ACTIVITY: Using the data below, output the first line and every line after it up to and including the line containing "Naples, FL 34108", exactly as written and with nothing added.

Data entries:
++++

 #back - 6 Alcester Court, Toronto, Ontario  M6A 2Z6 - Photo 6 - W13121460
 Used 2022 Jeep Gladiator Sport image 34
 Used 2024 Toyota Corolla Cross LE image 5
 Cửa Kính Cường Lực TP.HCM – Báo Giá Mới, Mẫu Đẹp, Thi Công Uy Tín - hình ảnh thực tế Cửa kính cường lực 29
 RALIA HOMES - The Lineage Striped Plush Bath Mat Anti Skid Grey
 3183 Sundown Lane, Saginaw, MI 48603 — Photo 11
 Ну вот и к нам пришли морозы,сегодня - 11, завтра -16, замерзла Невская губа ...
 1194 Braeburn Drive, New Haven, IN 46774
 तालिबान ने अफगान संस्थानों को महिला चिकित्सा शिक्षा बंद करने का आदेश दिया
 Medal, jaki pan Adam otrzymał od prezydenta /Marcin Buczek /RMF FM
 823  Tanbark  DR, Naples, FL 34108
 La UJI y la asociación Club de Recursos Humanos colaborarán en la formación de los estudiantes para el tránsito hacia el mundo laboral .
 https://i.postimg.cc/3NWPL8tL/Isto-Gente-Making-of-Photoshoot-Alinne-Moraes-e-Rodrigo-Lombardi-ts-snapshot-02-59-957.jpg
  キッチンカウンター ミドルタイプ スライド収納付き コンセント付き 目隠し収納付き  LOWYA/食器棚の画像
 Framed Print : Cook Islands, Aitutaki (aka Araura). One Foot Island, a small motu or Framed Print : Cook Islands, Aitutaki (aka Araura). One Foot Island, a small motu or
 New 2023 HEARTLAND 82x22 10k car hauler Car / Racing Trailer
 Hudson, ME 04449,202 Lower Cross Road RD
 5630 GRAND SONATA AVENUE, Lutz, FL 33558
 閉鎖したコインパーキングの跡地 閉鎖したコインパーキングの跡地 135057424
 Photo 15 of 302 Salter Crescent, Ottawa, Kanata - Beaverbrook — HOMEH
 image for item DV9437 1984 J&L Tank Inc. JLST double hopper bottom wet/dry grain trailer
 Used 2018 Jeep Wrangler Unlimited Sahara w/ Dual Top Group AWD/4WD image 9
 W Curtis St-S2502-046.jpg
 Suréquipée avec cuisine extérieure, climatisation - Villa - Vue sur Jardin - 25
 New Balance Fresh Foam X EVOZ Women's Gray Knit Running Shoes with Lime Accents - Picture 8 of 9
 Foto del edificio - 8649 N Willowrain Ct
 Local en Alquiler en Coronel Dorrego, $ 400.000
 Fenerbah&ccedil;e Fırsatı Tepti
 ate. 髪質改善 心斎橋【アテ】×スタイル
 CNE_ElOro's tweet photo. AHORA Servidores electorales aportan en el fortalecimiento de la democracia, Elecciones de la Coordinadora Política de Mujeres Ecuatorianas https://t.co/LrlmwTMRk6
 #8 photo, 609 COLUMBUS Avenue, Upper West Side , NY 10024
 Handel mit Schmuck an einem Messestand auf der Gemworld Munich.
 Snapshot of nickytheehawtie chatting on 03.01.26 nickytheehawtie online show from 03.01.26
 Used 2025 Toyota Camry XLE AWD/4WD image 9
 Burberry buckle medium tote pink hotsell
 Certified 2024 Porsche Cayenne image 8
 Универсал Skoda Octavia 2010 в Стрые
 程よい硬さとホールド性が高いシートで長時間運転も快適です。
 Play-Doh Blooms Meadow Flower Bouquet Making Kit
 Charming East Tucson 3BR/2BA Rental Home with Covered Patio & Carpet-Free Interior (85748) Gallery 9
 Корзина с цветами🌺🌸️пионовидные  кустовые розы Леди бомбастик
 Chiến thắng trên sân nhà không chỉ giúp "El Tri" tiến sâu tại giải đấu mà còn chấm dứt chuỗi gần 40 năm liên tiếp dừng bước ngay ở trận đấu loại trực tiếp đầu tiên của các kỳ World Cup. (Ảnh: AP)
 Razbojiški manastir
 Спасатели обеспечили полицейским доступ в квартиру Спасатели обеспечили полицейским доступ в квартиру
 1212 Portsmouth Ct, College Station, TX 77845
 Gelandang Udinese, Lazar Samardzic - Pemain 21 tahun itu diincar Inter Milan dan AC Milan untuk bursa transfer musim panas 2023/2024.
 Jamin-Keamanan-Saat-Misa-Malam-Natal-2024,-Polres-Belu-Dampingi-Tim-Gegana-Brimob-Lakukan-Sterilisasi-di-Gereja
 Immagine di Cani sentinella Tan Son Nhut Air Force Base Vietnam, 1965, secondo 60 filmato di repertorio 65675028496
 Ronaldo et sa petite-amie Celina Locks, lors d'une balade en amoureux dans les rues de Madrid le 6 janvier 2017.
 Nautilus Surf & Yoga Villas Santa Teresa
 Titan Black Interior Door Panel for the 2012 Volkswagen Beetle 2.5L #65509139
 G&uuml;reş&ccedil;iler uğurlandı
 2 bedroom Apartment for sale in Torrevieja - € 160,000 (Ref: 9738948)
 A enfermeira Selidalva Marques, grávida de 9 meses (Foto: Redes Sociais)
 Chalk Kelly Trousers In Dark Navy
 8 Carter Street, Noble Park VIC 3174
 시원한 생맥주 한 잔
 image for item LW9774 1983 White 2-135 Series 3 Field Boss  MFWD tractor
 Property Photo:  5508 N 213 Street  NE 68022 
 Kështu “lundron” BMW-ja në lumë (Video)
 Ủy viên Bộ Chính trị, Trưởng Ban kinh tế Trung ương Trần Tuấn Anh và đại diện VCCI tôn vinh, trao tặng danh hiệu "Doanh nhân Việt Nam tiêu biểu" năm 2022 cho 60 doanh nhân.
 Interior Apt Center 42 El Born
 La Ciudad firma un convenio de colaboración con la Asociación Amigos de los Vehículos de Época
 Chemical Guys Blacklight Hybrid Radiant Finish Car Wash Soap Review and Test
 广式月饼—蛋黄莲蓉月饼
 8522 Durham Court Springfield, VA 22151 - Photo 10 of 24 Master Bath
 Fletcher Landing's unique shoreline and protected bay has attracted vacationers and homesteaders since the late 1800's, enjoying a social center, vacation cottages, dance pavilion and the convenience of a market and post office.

++++

SOLUTION TO THE PROBLEM:
 #back - 6 Alcester Court, Toronto, Ontario  M6A 2Z6 - Photo 6 - W13121460
 Used 2022 Jeep Gladiator Sport image 34
 Used 2024 Toyota Corolla Cross LE image 5
 Cửa Kính Cường Lực TP.HCM – Báo Giá Mới, Mẫu Đẹp, Thi Công Uy Tín - hình ảnh thực tế Cửa kính cường lực 29
 RALIA HOMES - The Lineage Striped Plush Bath Mat Anti Skid Grey
 3183 Sundown Lane, Saginaw, MI 48603 — Photo 11
 Ну вот и к нам пришли морозы,сегодня - 11, завтра -16, замерзла Невская губа ...
 1194 Braeburn Drive, New Haven, IN 46774
 तालिबान ने अफगान संस्थानों को महिला चिकित्सा शिक्षा बंद करने का आदेश दिया
 Medal, jaki pan Adam otrzymał od prezydenta /Marcin Buczek /RMF FM
 823  Tanbark  DR, Naples, FL 34108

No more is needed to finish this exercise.